Exercise :: What you return should be the full listing, word for word, without a single image.

Data segment ::
--------------------------------
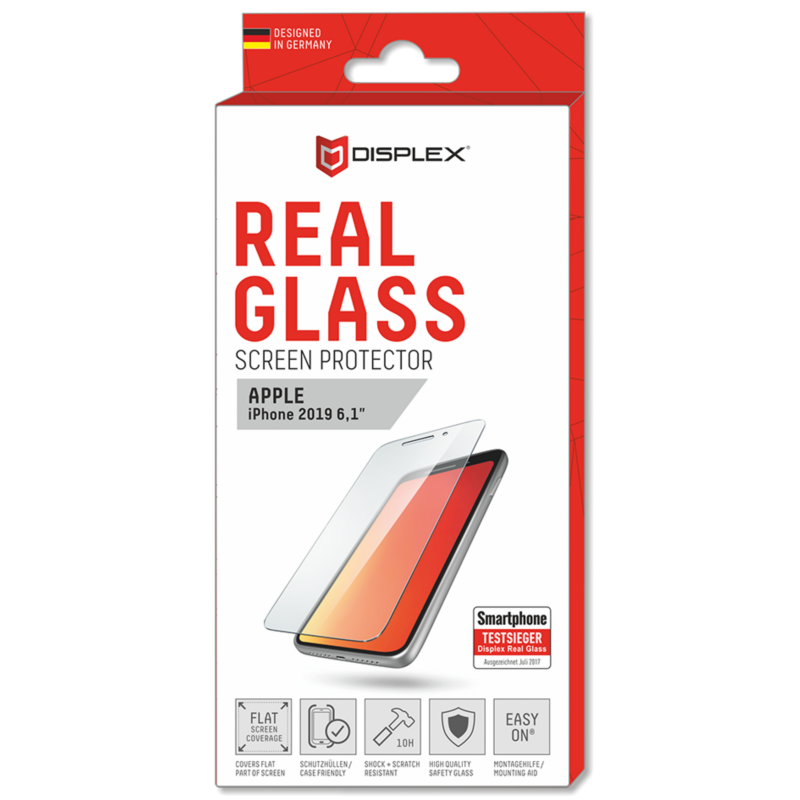 Displex  Displayschutz Real Glass for iPhone 11 clear | 04028778107192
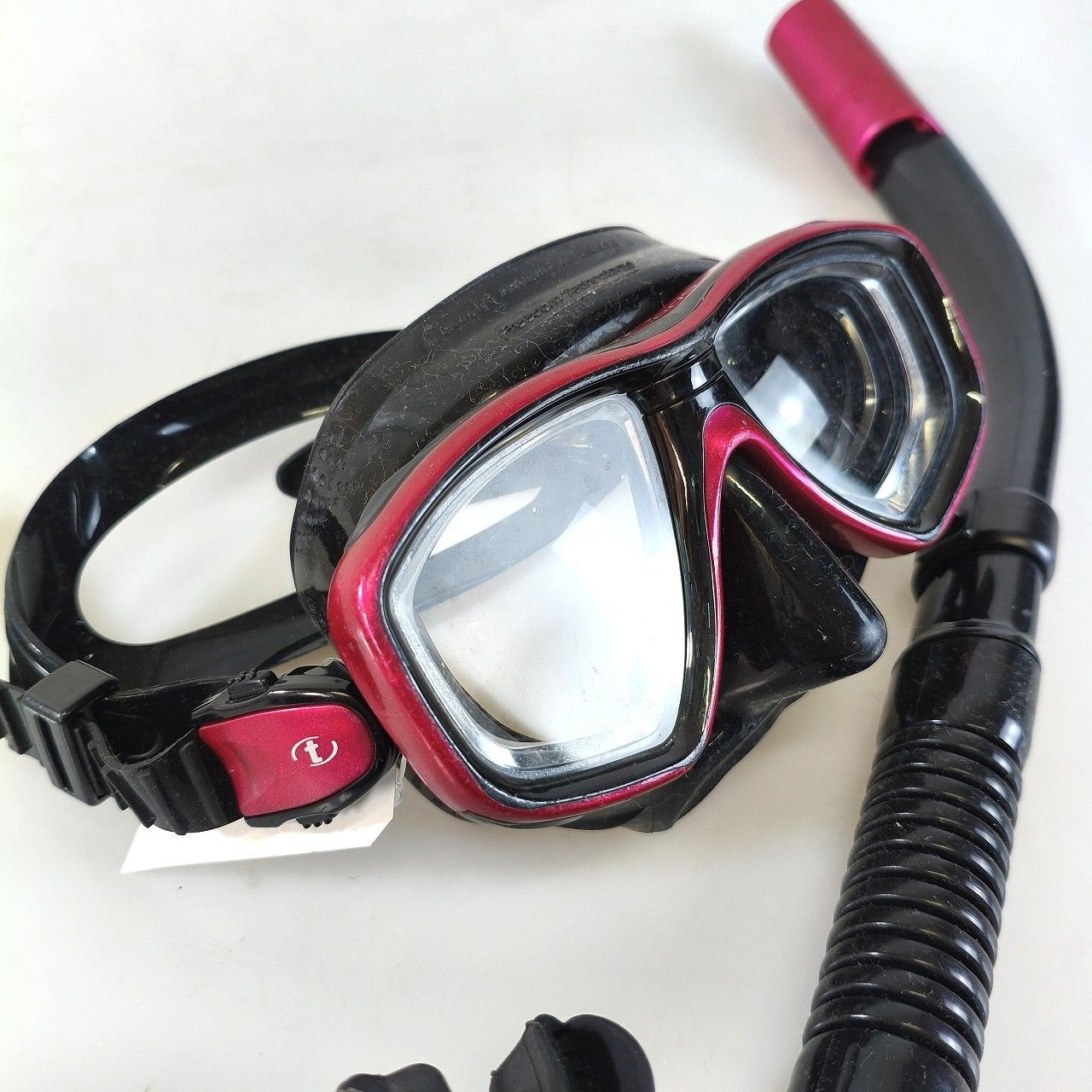 TUSA ツサ Freedom Ceos ダイビングマスク・スノーケルセット 度付き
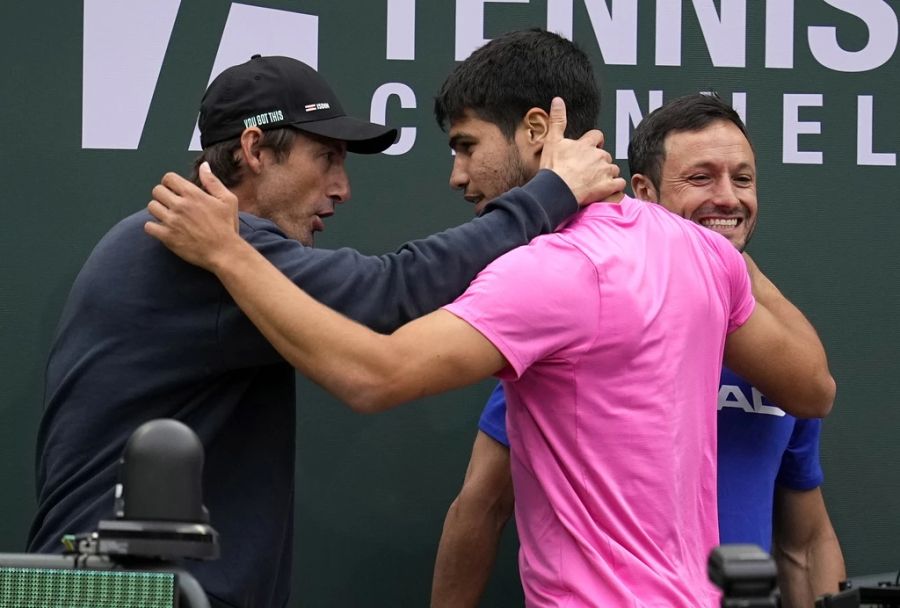 Seit 2015 sind Juan Carlos Ferrero (l.) und Carlos Alcaraz (r.) ein eingeschworenes Team.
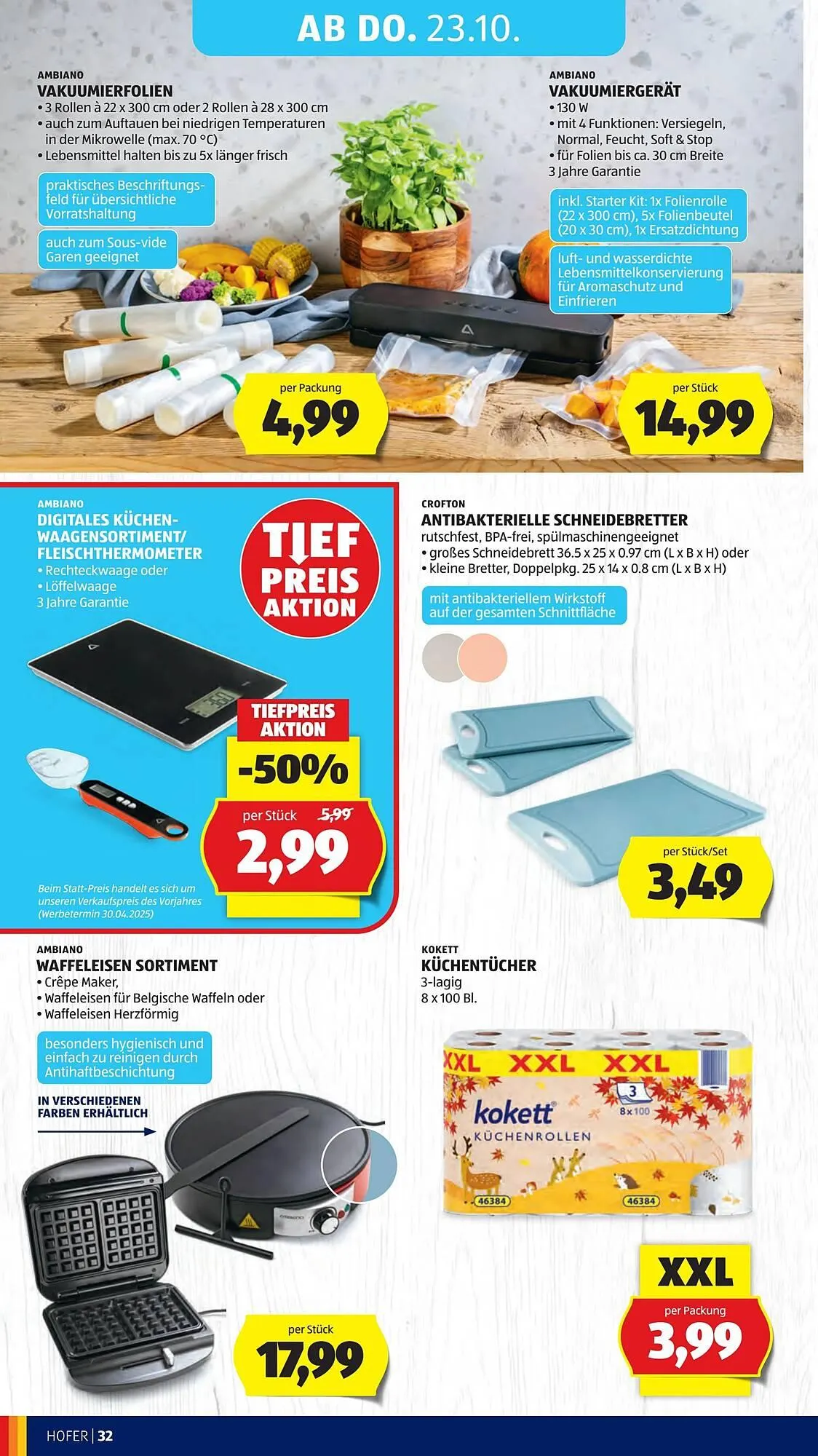 Hofer Flugblatt von 17. Oktober bis 23. Oktober 2025 - Flugblätt seite  36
--------------------------------
Your solution ::
 Displex  Displayschutz Real Glass for iPhone 11 clear | 04028778107192
 TUSA ツサ Freedom Ceos ダイビングマスク・スノーケルセット 度付き
 Seit 2015 sind Juan Carlos Ferrero (l.) und Carlos Alcaraz (r.) ein eingeschworenes Team.
 Hofer Flugblatt von 17. Oktober bis 23. Oktober 2025 - Flugblätt seite  36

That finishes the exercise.